Work item:
Output the listing word for word, minus images.

═══ Input data ═══

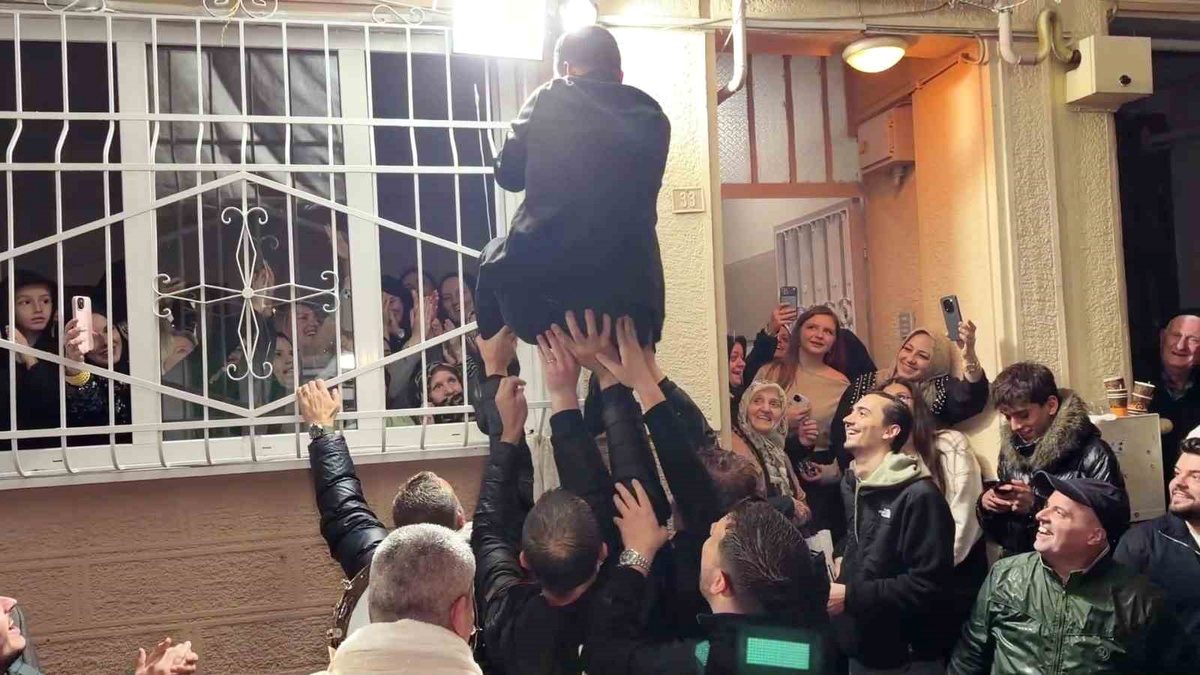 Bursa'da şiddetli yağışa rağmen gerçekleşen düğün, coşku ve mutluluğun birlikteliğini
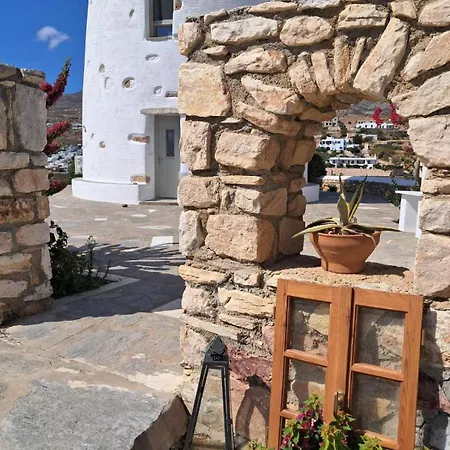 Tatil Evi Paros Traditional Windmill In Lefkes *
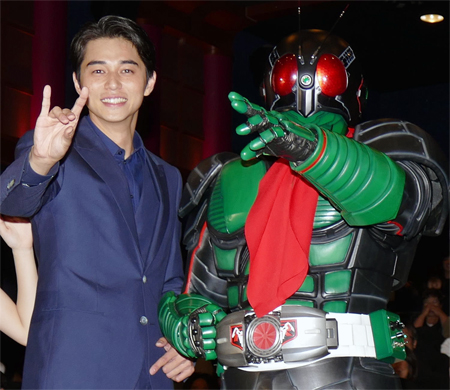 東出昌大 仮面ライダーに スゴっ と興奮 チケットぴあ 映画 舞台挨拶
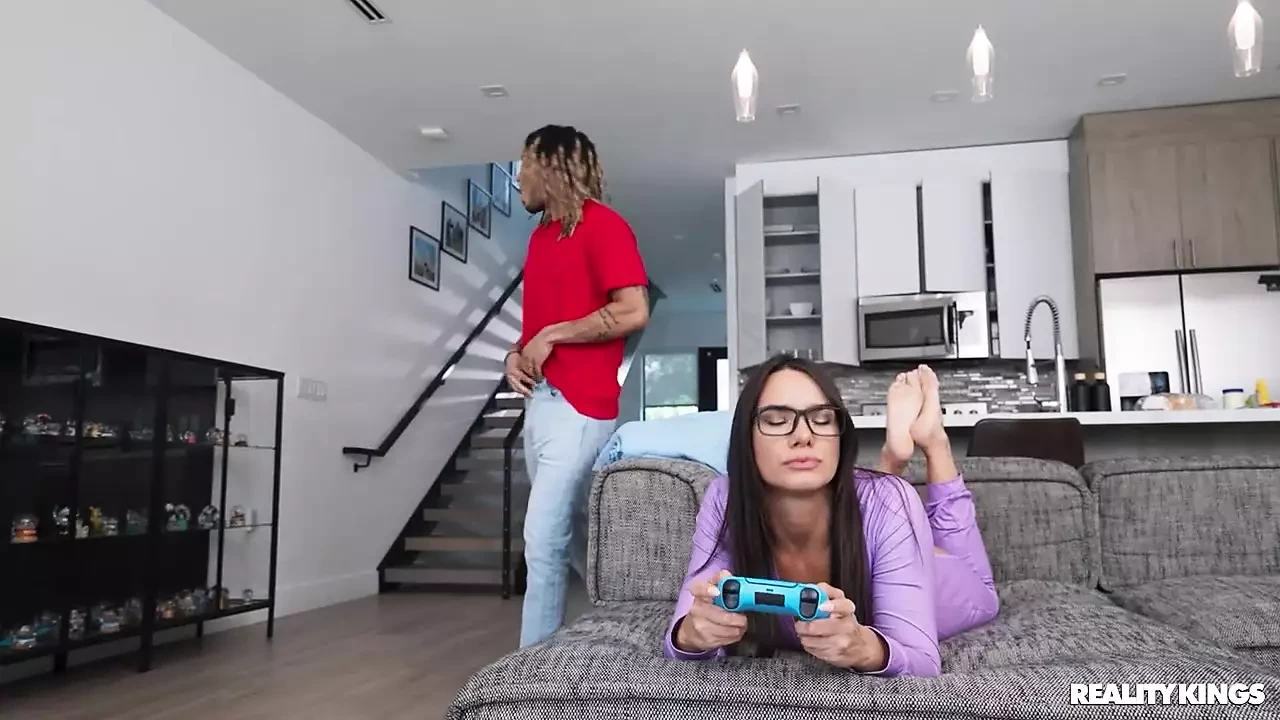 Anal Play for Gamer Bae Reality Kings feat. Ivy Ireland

═══

Solution for this exercise:
 Bursa'da şiddetli yağışa rağmen gerçekleşen düğün, coşku ve mutluluğun birlikteliğini
 Tatil Evi Paros Traditional Windmill In Lefkes *
 東出昌大 仮面ライダーに スゴっ と興奮 チケットぴあ 映画 舞台挨拶
 Anal Play for Gamer Bae Reality Kings feat. Ivy Ireland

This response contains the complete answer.